Assalto, perseguição, troca de tiros e duas pessoas feitas reféns, em Niterói, na tarde desta quinta-feira, dia 15. Após roubarem o carro de uma psicóloga de 37 anos, no Centro, dois criminosos foram surpreendidos por policiais militares lotados no 12º BPM (Niterói), quando tentavam fugir com o veículo da vítima em direção ao Morro do Boa Vista, no bairro São Lourenço. Um deles acabou preso ao invadir uma residência, em um dos acessos à comunidade.

De acordo com a Polícia, o crime ocorreu por volta das 17 horas. A psicóloga seguia pela Avenida Marquês de Paraná, sentido Icaraí, quando teve seu Honda Civic fechado por uma motocicleta com dois ocupantes, em frente a um hipermercado. Armado com uma pistola, o homem que estava na garupa anunciou o assaltou, retirou a vítima do veículo puxando-a pelos cabelos e fugiu com o automóvel em direção ao Boa Vista.
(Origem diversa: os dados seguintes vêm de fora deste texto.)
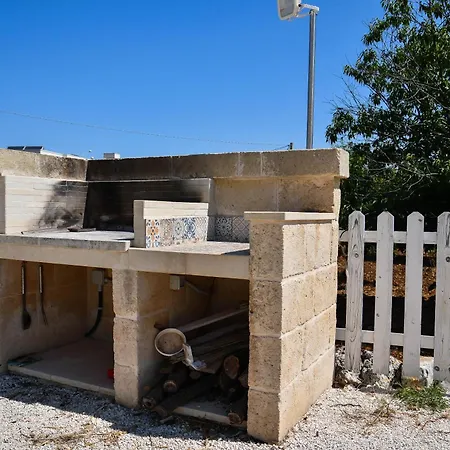 Bed & Breakfast Trulli Donna Isabella Locorotondo
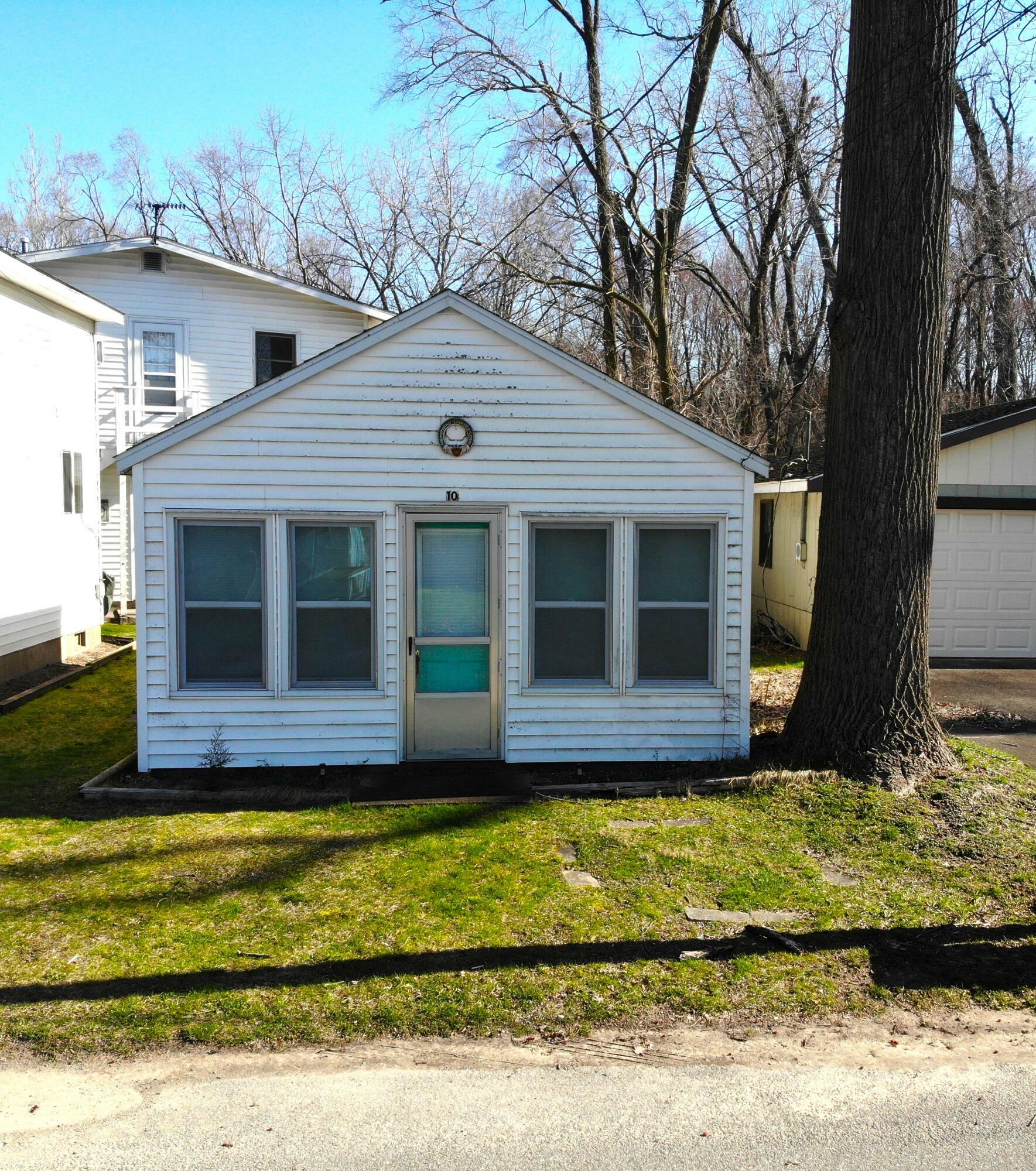 Property Photo:  67388 Victory Shore Drive  MI 49047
Mesmo muito assustada, a psicóloga conseguiu abordar PMs que faziam patrulhamento na região. Eles iniciaram a perseguição aos criminosos, que se estendeu até o bairro São Lourenço, a aproximadamente dois quilômetros do local do crime. Houve confronto entre os policiais e os assaltantes. Durante a fuga, um deles perdeu o controle do veículo e bateu em um poste na Rua Saldanha da Gama. Cercado pelos PMs, ele invadiu uma casa e manteve uma idosa e uma adolescente como reféns.
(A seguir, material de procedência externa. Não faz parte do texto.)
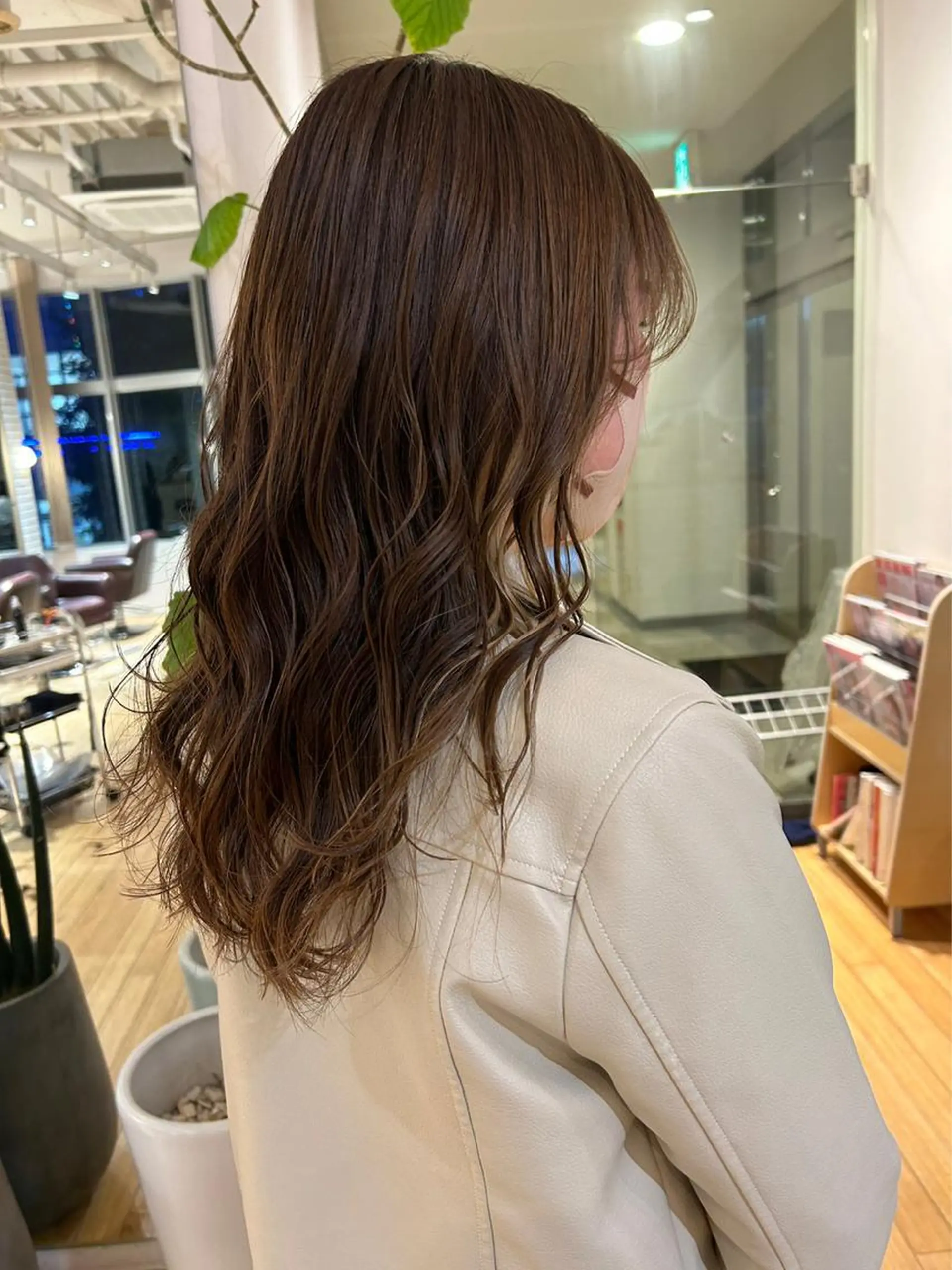 セミロング 松浦 麻衣のヘアスタイル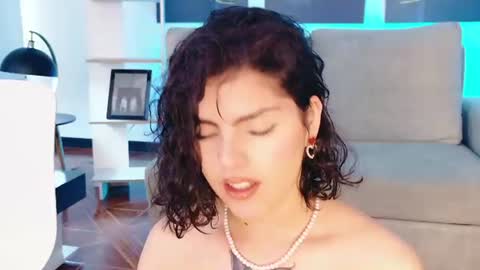Lia Butterfly  online show from 07/04/26, 07:09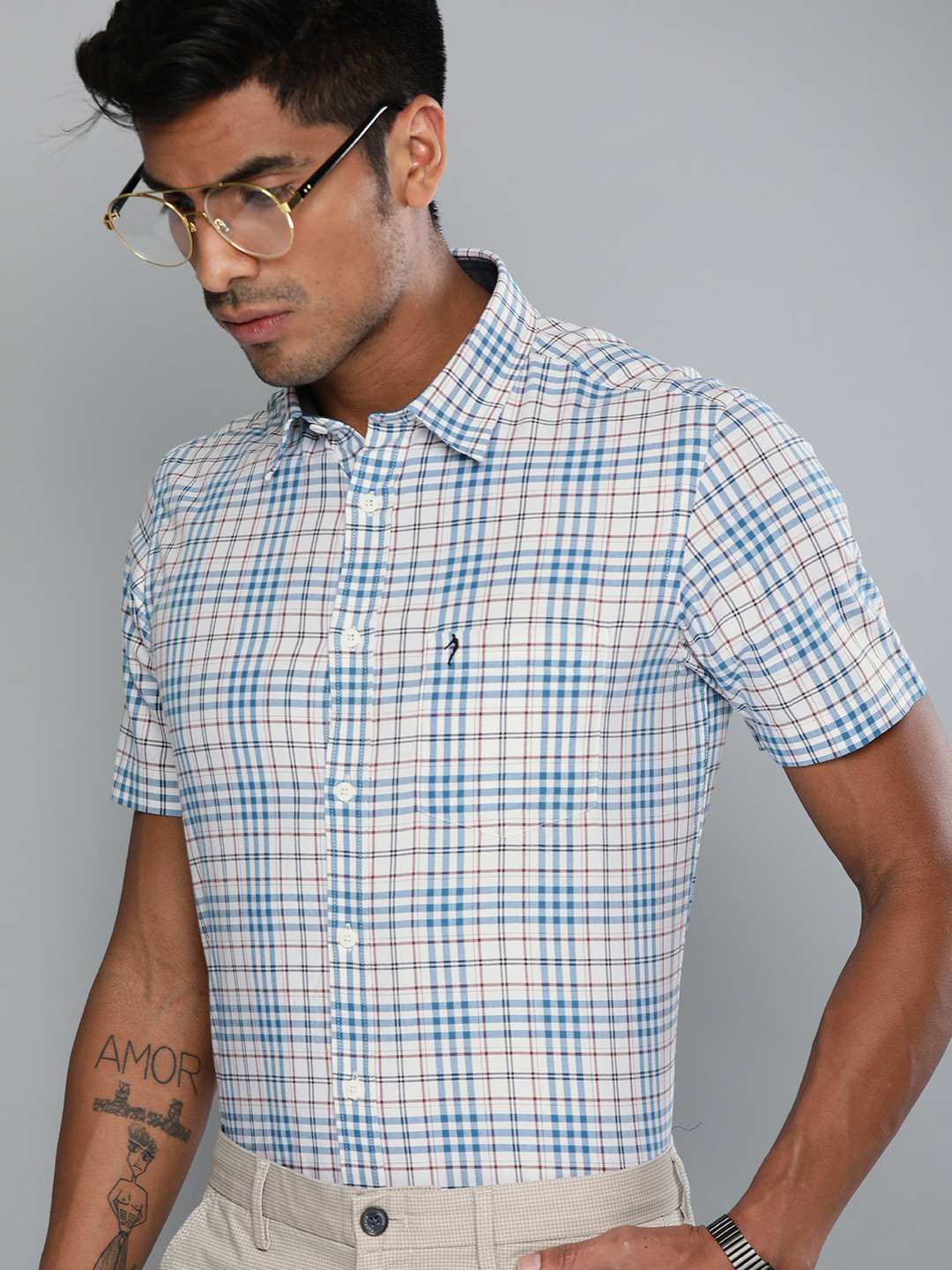 

Indian Terrain Men White & Blue Checked Slim Fit Smart Casual Shirt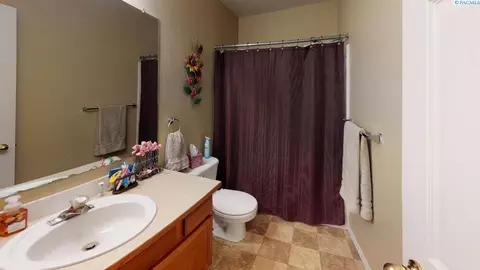 1965 NW Arcadia Dr, Pullman, WA 99163 photo 9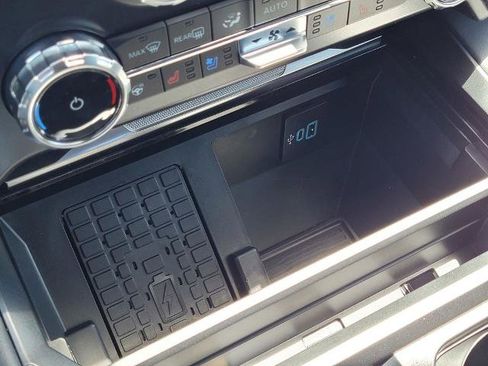 New 2025 Ford F250 Platinum image 24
Após breve negociação com os policiais, Rafael Lopes do Amaral, o Pimentão, 28 anos, decidiu se entregar. O outro suposto assaltante conseguiu fugir, deixando para trás a motocicleta utilizada no crime, uma Honda Twister preta, placa KYG-1803, que consta como roubada, segundo os policiais. No final da tarde, os militares realizaram uma incursão na comunidade, mas não conseguiram encontrá-lo.
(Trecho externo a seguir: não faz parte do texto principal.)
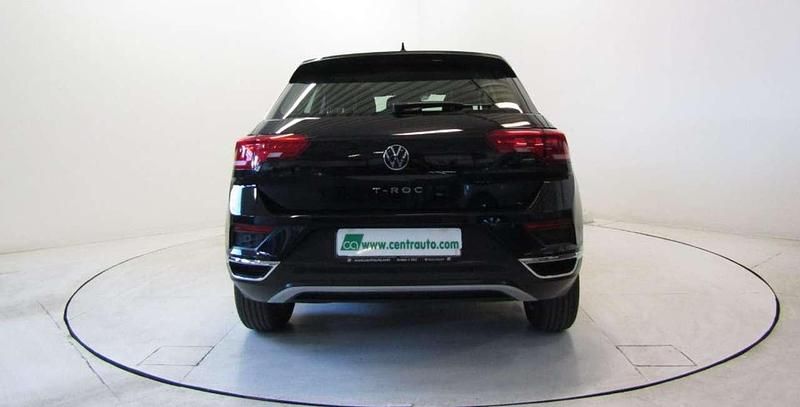 Usata VW T-Roc Business 110 CV (80 kW) 2021 Nero SUV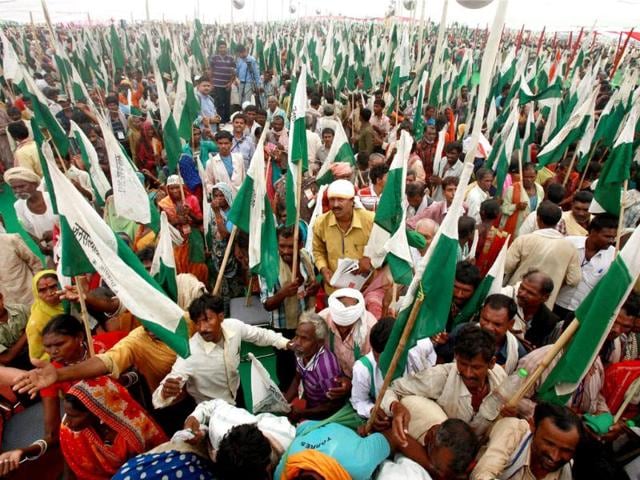 'Jan Satyagraha' protesters celebrate after an agreement between Union Rural Development Minister Jairam Ramesh and Ekta Parishad's promoter PV Rajagopal in Agra. PTI/Shahbaz Khan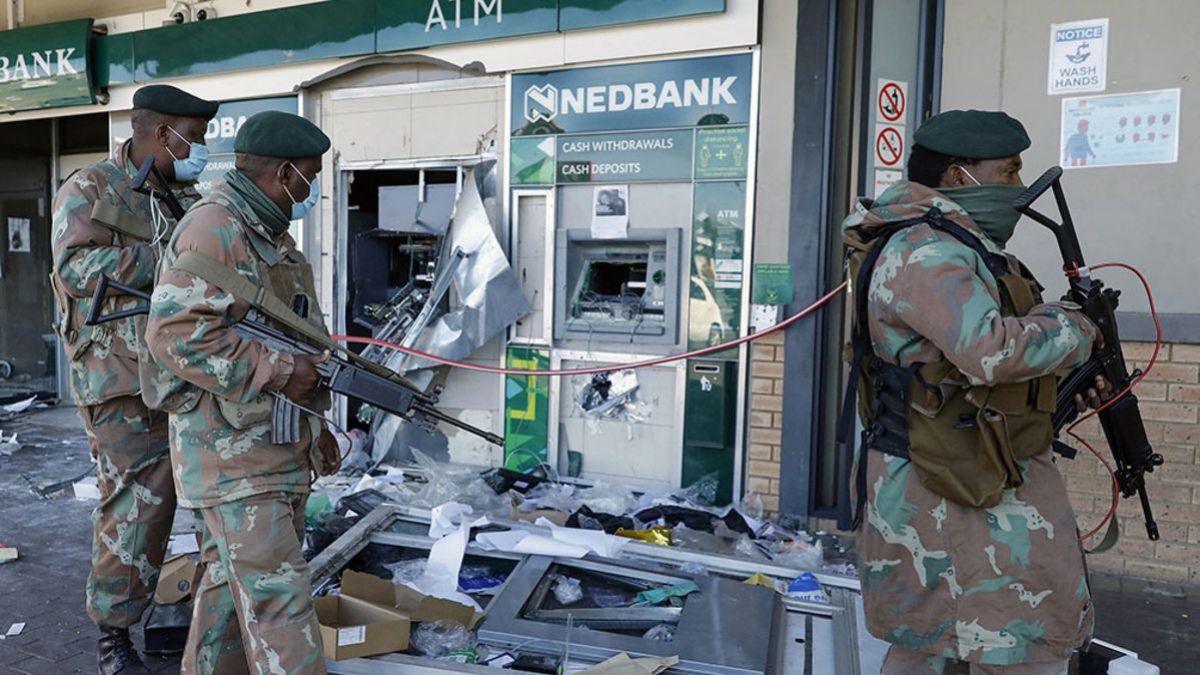 altText(Sudáfrica: Ya son 45 los muertos en protestas por el arresto de Zuma )}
“O conselho que eu deixo é que as pessoas entreguem todos os seus pertences sem reagir, pois o bem material pode ser recuperado. Também gostaria de elogiar a ação dos policiais, que fez aumentar minha confiança na polícia”, destacou a psicóloga.

Encaminhado à 78ª DP (Fonseca), Rafael foi reconhecido pela vítima e autuado por assalto à mão armada. Ainda de acordo com os policiais, ele teria uma anotação criminal por tráfico de drogas. A polícia investiga se o veículo roubado seria uma encomenda feita por traficantes do Morro do Boa Vista, ligados à facção criminosa Amigos dos Amigos (ADA).